Forum Discussion
Unpivot Monthly Data with a Formula
My current feeling is that both thunks and MAKEARRAY need to be approached with a certain degree of caution. In the present instance, I decided to use concatenated strings to hold information relating to an item within the crosstab. The code to the point of getting a list of packed records is the same whether I go on to use HSTACK or MAKEARRAY
= LET(
packed, nBravo&","&dates&"|"&rBravo,
mask, LEFT(dates,1)<>"Q",
filtered, FILTER(packed,mask),
list, TOCOL(filtered),
Unpackλ(list)
)Using HSTACK
UnpackHSλ = LAMBDA(list,
LET(
dimensions, TEXTBEFORE(list, "|"),
d₁, TEXTBEFORE(dimensions, ","),
d₂, TEXTAFTER(dimensions, ","),
val, VALUE(TEXTAFTER(list, "|")),
HSTACK(d₁, d₂, val)
)
);and using MAKEARRAY
UnpackMAλ = LAMBDA(list,
MAKEARRAY(ROWS(list),3,
LAMBDA(r, f,
LET(
item, INDEX(list, r),
SWITCH(f,
1,TEXTBEFORE(TEXTBEFORE(item, "|"), ","),
2,TEXTAFTER(TEXTBEFORE(item, "|"), ","),
3,VALUE(TEXTAFTER(item, "|"))
)
)
)
)
);(I do not do 'concise'!)
A key point of interest is that the solution with HSTACK took 10ms to refresh whereas MAKEARRAY took 690ms. That is a massive difference.

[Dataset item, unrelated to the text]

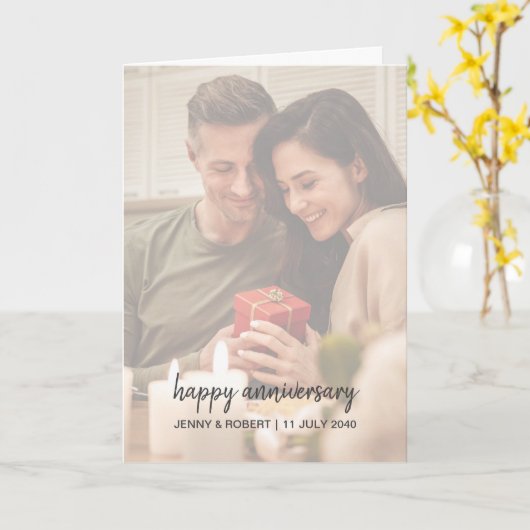 Modern Trendy Stylish Script Photo Anniversary カード (黄色い花)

- Patrick2788May 23, 2022Silver Contributor
Thank you for sharing. The more examples I see with MAKEARRAY, it seems to confirm the function is not be used for re-shaping data. Its best use is in generating random data (I'd argue there are other simpler options available to doing the same task).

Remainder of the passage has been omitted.